Monday, January 5, 2009

the changing world of work

Welcome to the first official day of class! If you haven't already, complete the Process Tasks so you can keep up to date on what's going on in the class as well as start your own blogging.

The Eisenberg et al. text was published in 2007, which means the authors likely finished writing it in 2006. I'm not sure they could have anticipated all the changes in the changing world of work, but they did identify several directions for workplace trajectories, particularly in terms of the global economy.

In Chapter 1, the authors note the problems with a market economy largely free from government regulation. Although the authors gave the International Monetary Fund (IMF) policies as an example of "an unreasonably optimistic belief in the self-regulating power of a market economy," (p. 8), the current state of the global financial system provides a current weakness with this line of thinking and action. The Federal Deposit Insurance Corporation (FDIC) lists failed banks and those needing emergency assistance dating back to 1991. The list is long for 2008 and includes IndyMac, Washington Mutual, and Downey Savings and Loan Association. Moreover, because economies world wide are interdependent, the problems have spread to Asia, Europe, the Middle East, and other places around the globe.

The authors conclude the chapter by observing that "traditional ways of doing business--and communicating--are no longer effective" (p. 24).

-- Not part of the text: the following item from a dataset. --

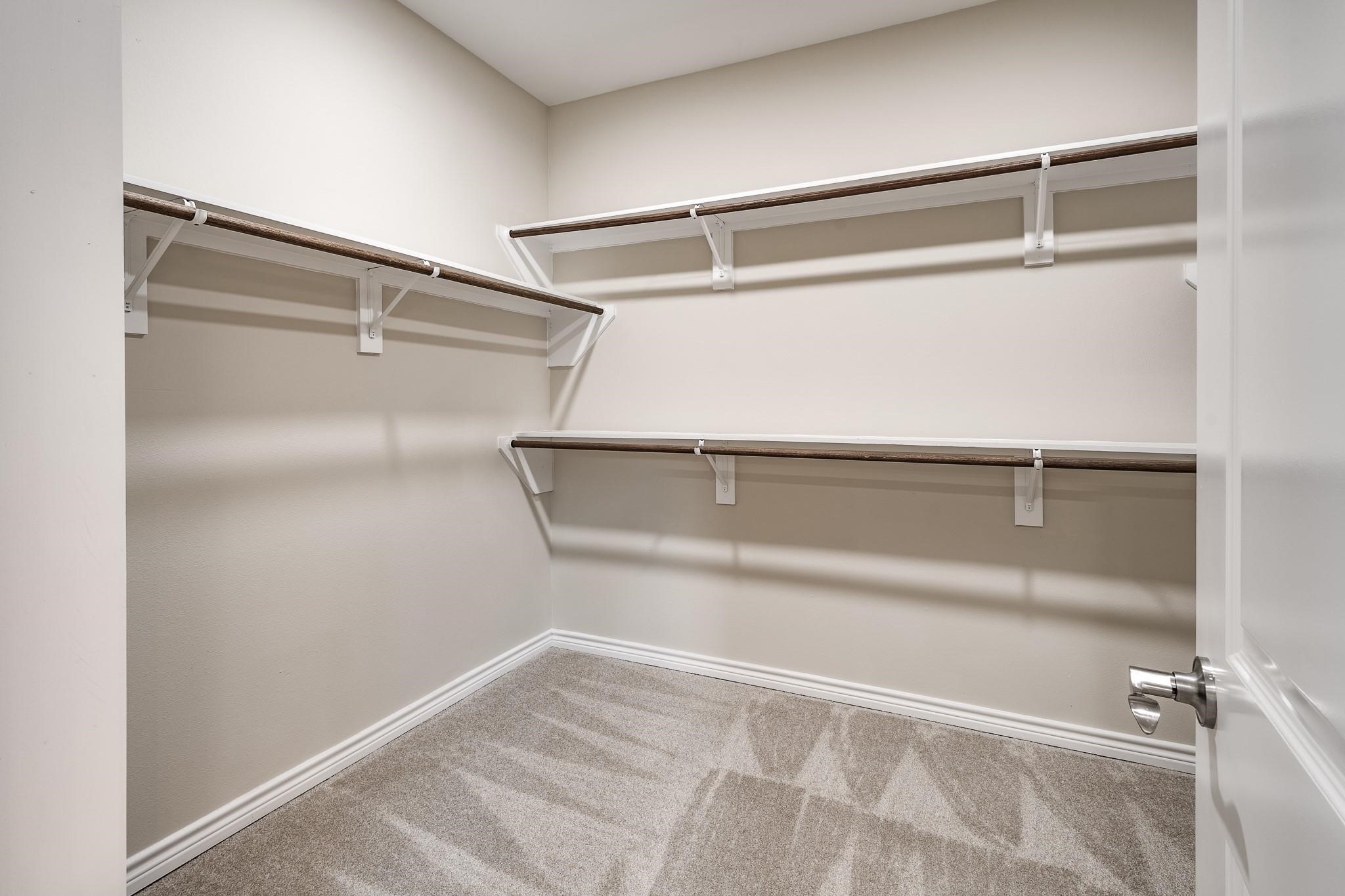 10610 Ellerston Road Cleveland, TX 77327 - Photo 14 of 26 a close view of closet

The problems organizations are facing today suggest they haven't quite yet figured out what the news ways should be.

~ Professor Cyborg

Thursday, January 1, 2009

turbulent times for organizations

Welcome to the New Year! 2008 was certainly a year in which organizations made front page news and that's probably going to be the case in 2009 as well.

The Eisenberg et al. book begins with the line, "The are strange times for organizational communication" (p. v). The authors go on to note in the same paragraph, "The horrific ethical missteps by corporations such as Enron continue to haunt the current business environment, as a series of denials and plea deals made by key executives in these cases makes the potential for real change unlikely" (p. v). The lack of any sort of ethical code has certainly pervaded the financial industry, where top executives made a lot money while their organizations collapsed and U.S. taxpayer dollars were used for executive bonuses. The continued unethical--and even illegal--behavior of a few have led to turbulent and dark times for many.

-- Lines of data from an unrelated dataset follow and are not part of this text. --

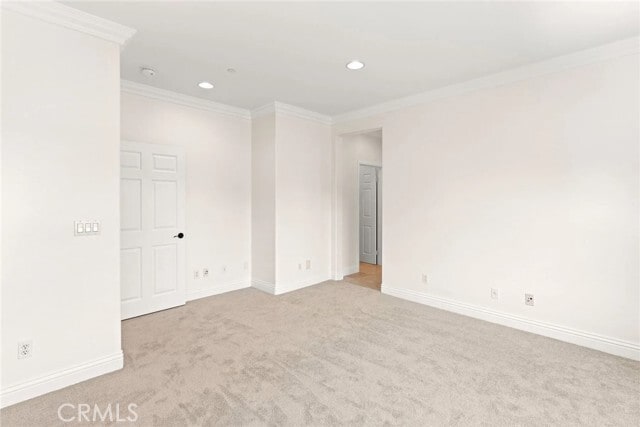 Building Photo - 61 Shade Tree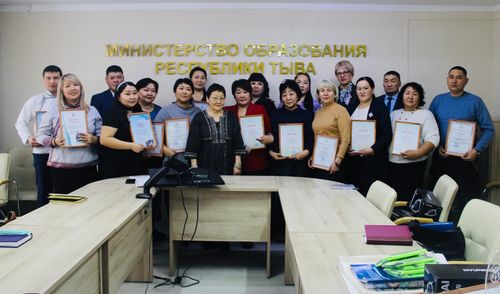 Минобразования Тувы назвало топ-10 лучших школ по профилактике правонарушений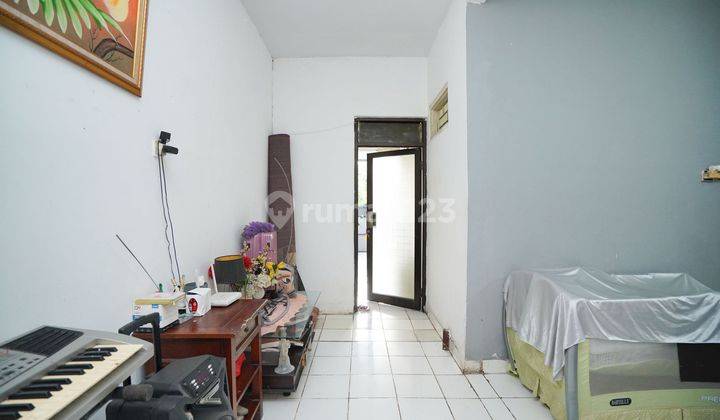 Rumah Strategis 4 KT Dekat Terminal Pondok Cabe SHM Harga Nego J21762 2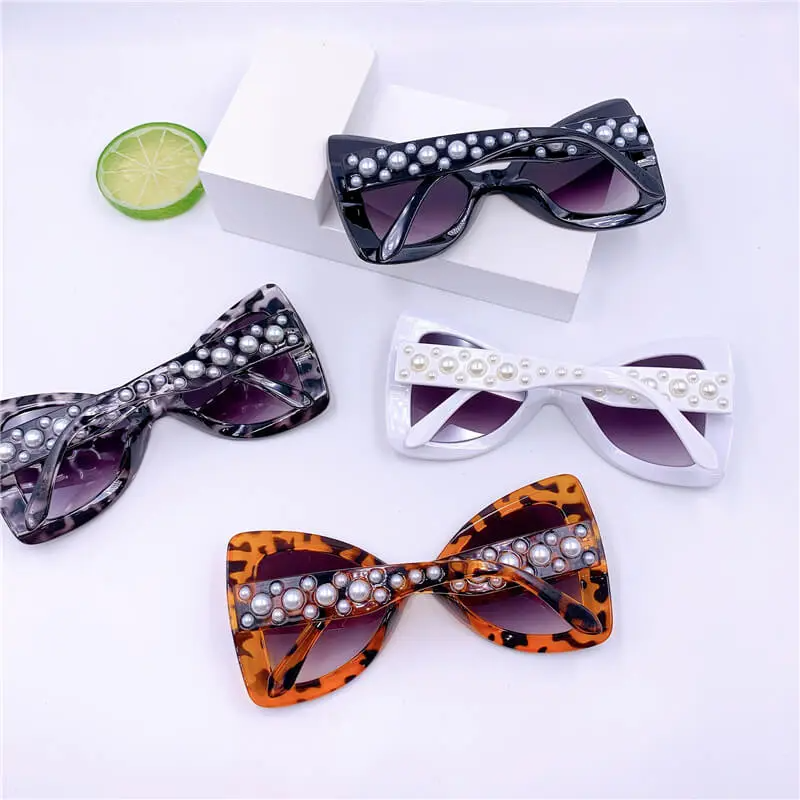 Girls Unique Triangle Frame Pearl Decoration Sunglasses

The main headline in the Mercury News Business section, "A Loss of Faith in Stock Markets," reflects the lack of confidence people have in organizational decision-makers. Who wants to invest money in companies when leading financial advisors such as Bernard Madoff admit to defrauding clients out of $50 billion? As the authors of the text point out, balancing individual and group goals is essential to effective organizing. It seems that today the balance has tipped in the direction of the individual (at least a few individuals) to the detriment of the many.

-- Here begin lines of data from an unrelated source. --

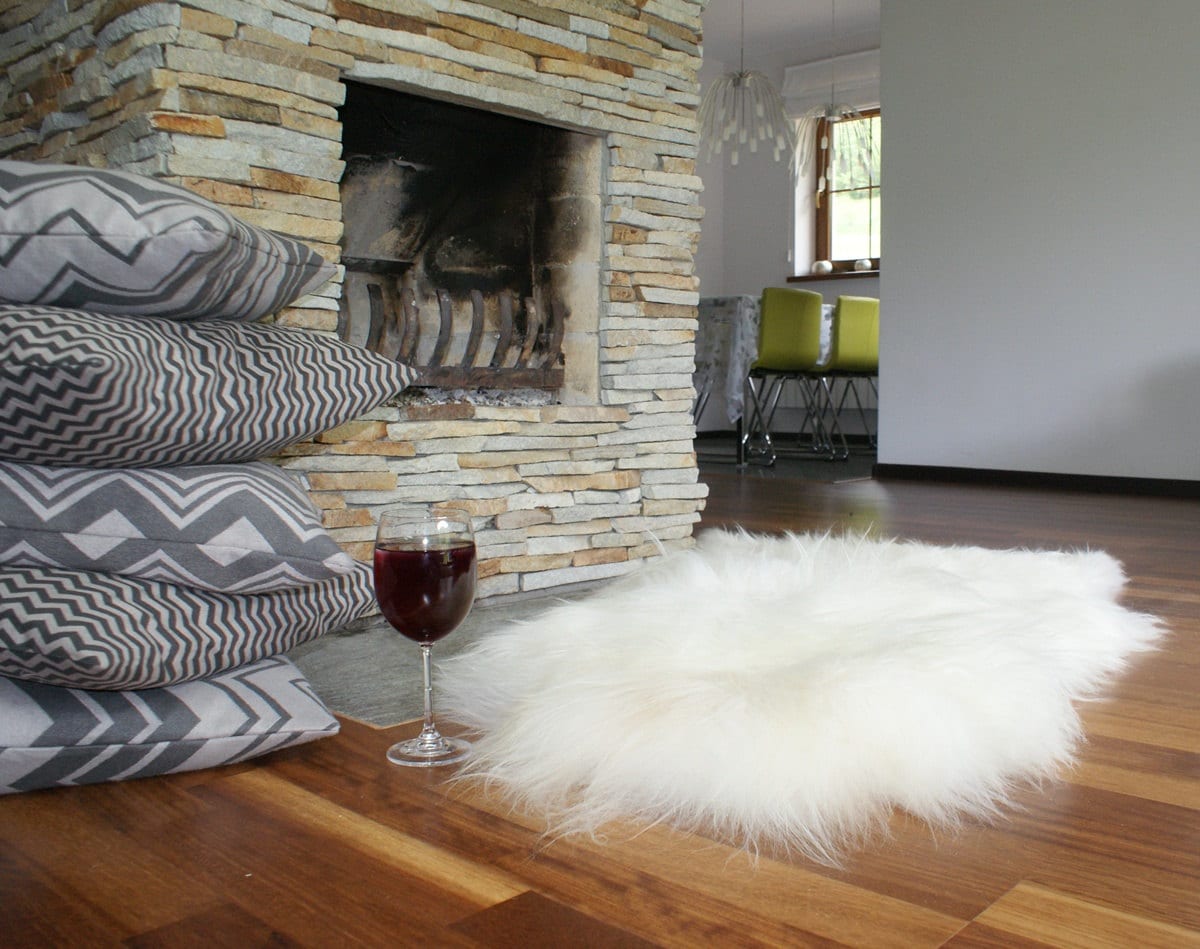 SHEEPSKIN ICELANDIC White X 52"x 32" Throw Genuine leather Sheep Skin Decorative rug White comfy, cozy, hair is very thick, shiny !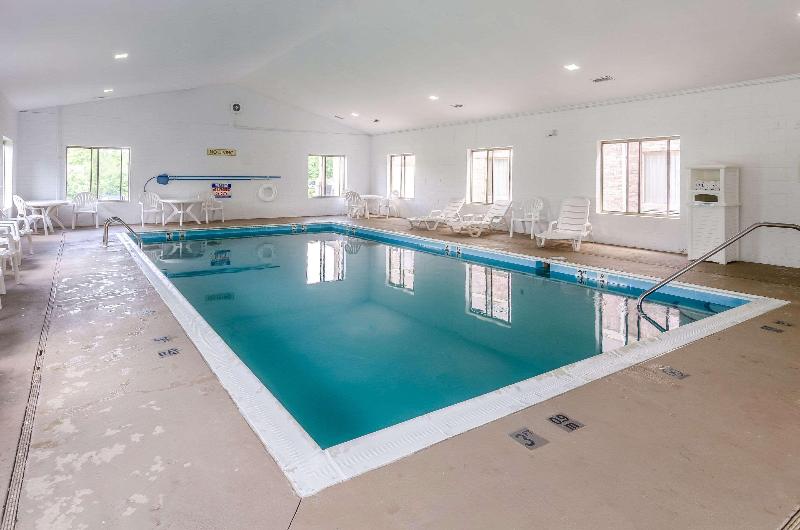 Отель Comfort Inn & Suites Christiansburg I 81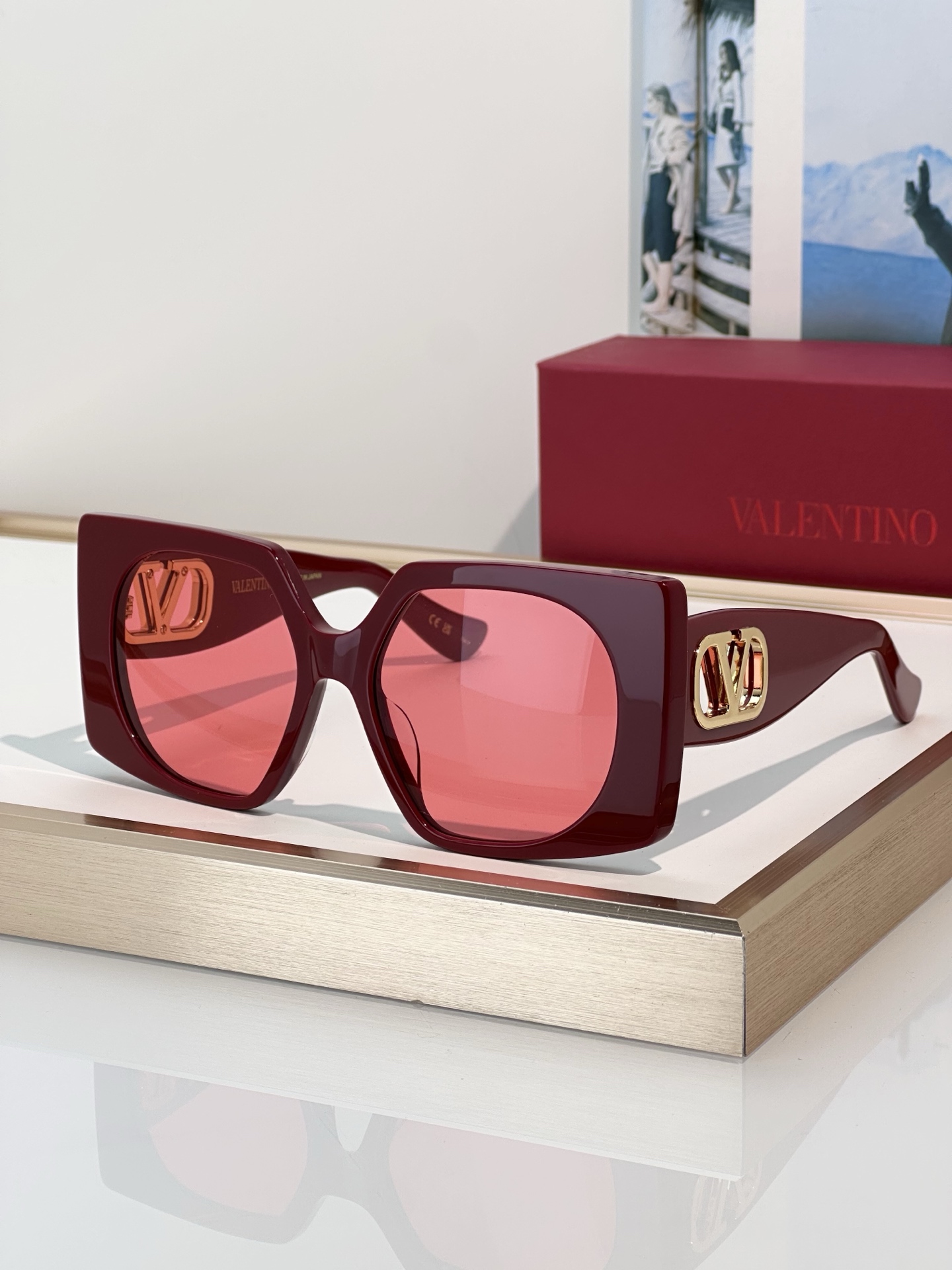 Designer Sunglasses VG0002S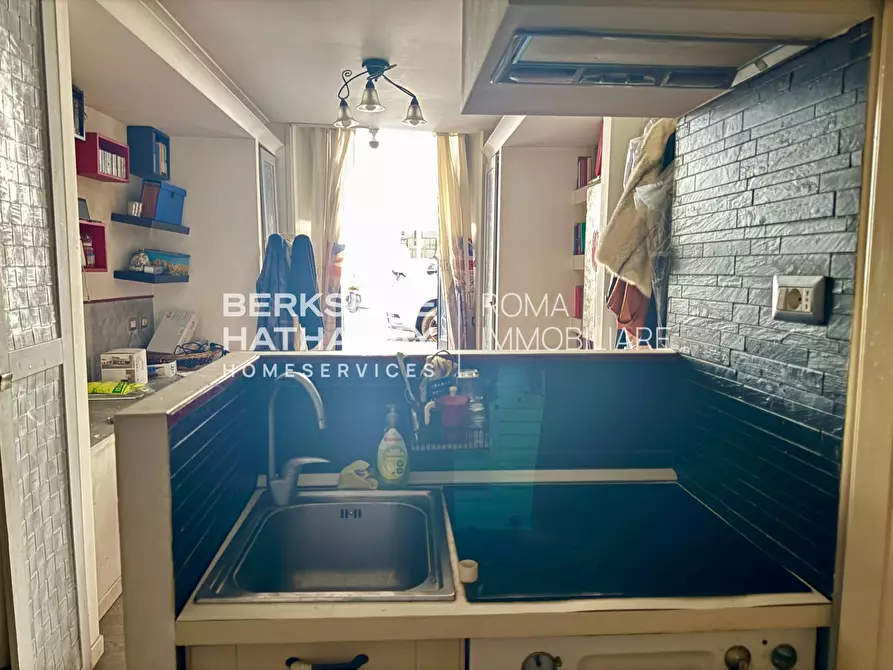 Immagine 6 di Locale commerciale in vendita  in Via Basento 1 a Roma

So why even bother to take a class in organizational communication? Becoming a more knowledgeable organizational member can help you make smarter professional choices and improve your communication competency across all the organizations in which you're embedded. Taking an organizational communication class may not prevent scandals such as Enron and the recent subprime mortgage debacle, but if more people had such a class, the likelihood of such events might decrease.